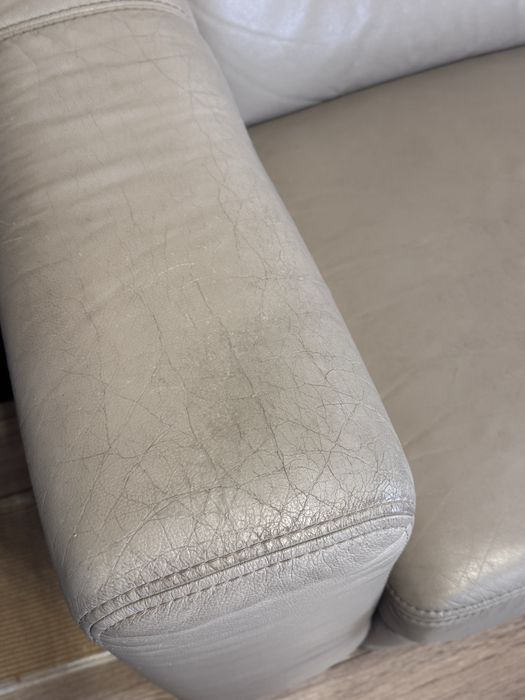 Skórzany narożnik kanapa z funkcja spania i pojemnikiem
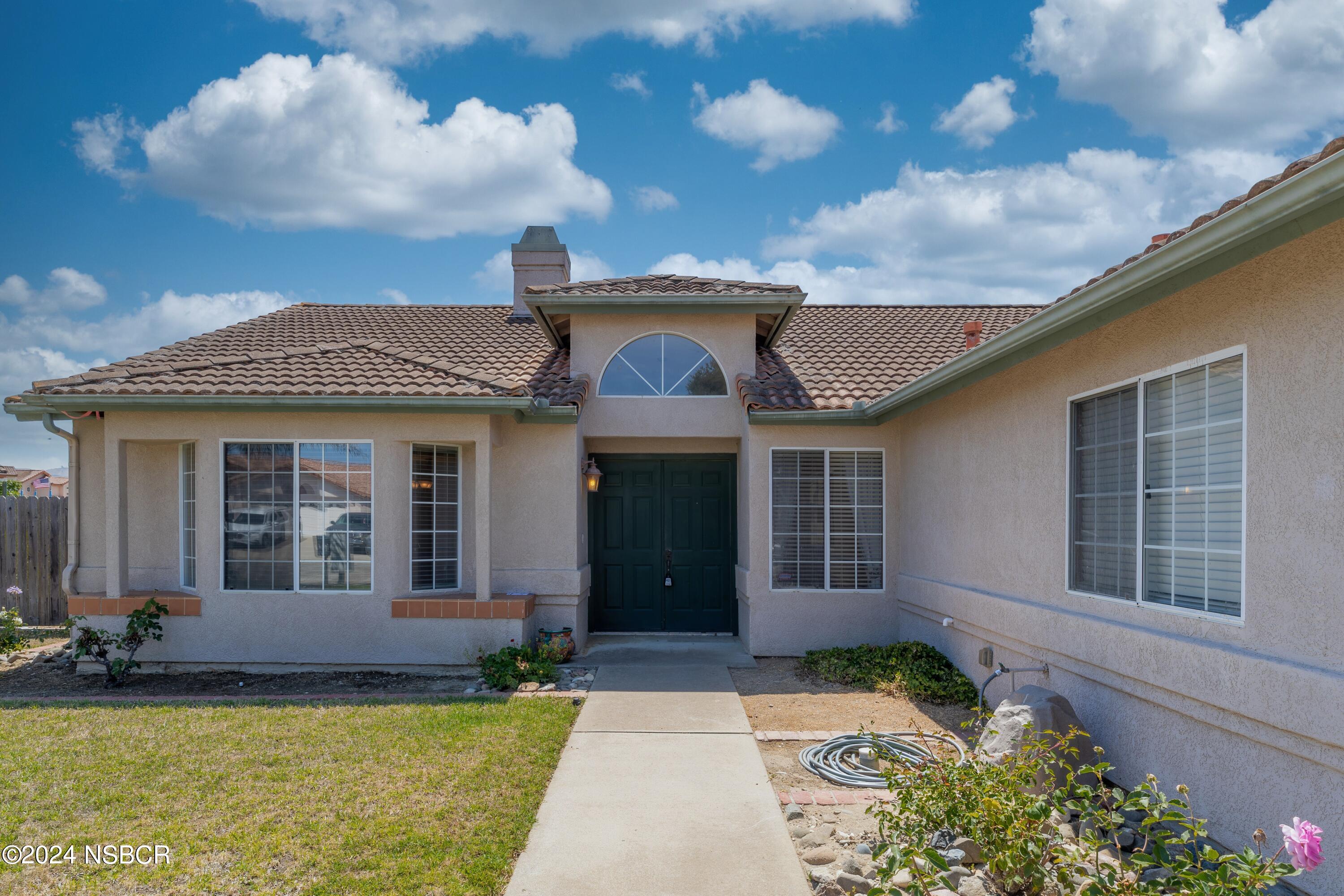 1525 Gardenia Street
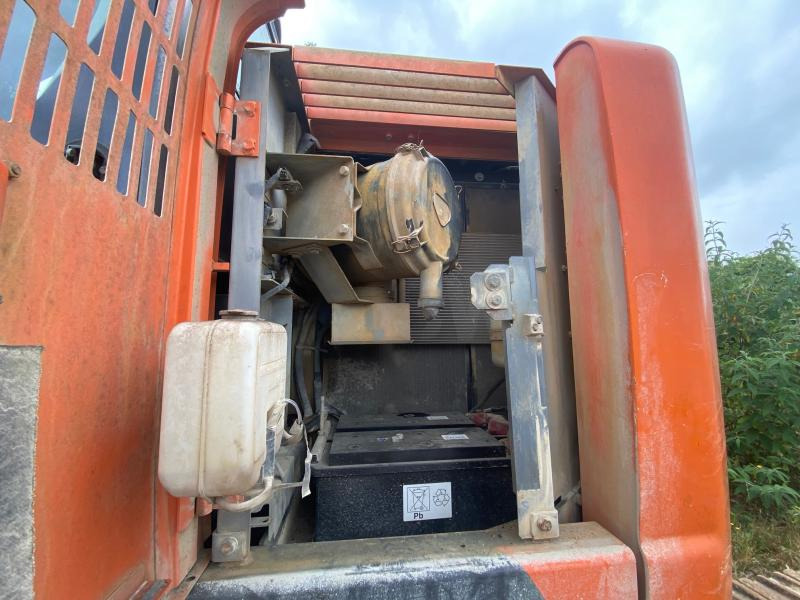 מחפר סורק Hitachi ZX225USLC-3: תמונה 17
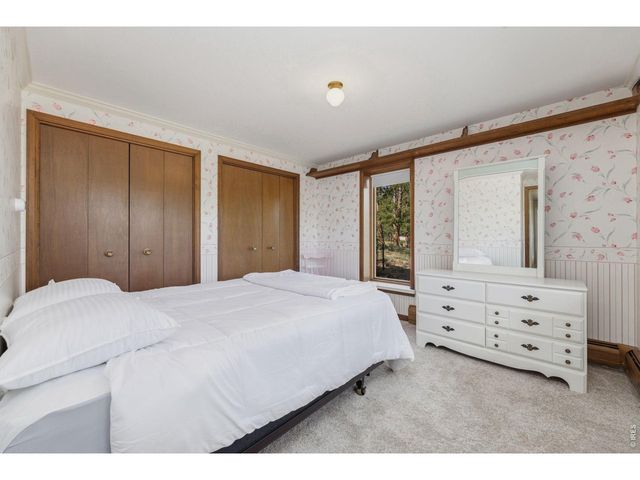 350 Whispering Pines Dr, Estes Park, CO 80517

* _AIM OF THE TASK_: Copy exactly, and copy only, the lines from the one bearing "1525 Gardenia Street" through the closing line of the material, with both ends kept and pictures removed.

* _REPLY_:
 1525 Gardenia Street
 מחפר סורק Hitachi ZX225USLC-3: תמונה 17
 350 Whispering Pines Dr, Estes Park, CO 80517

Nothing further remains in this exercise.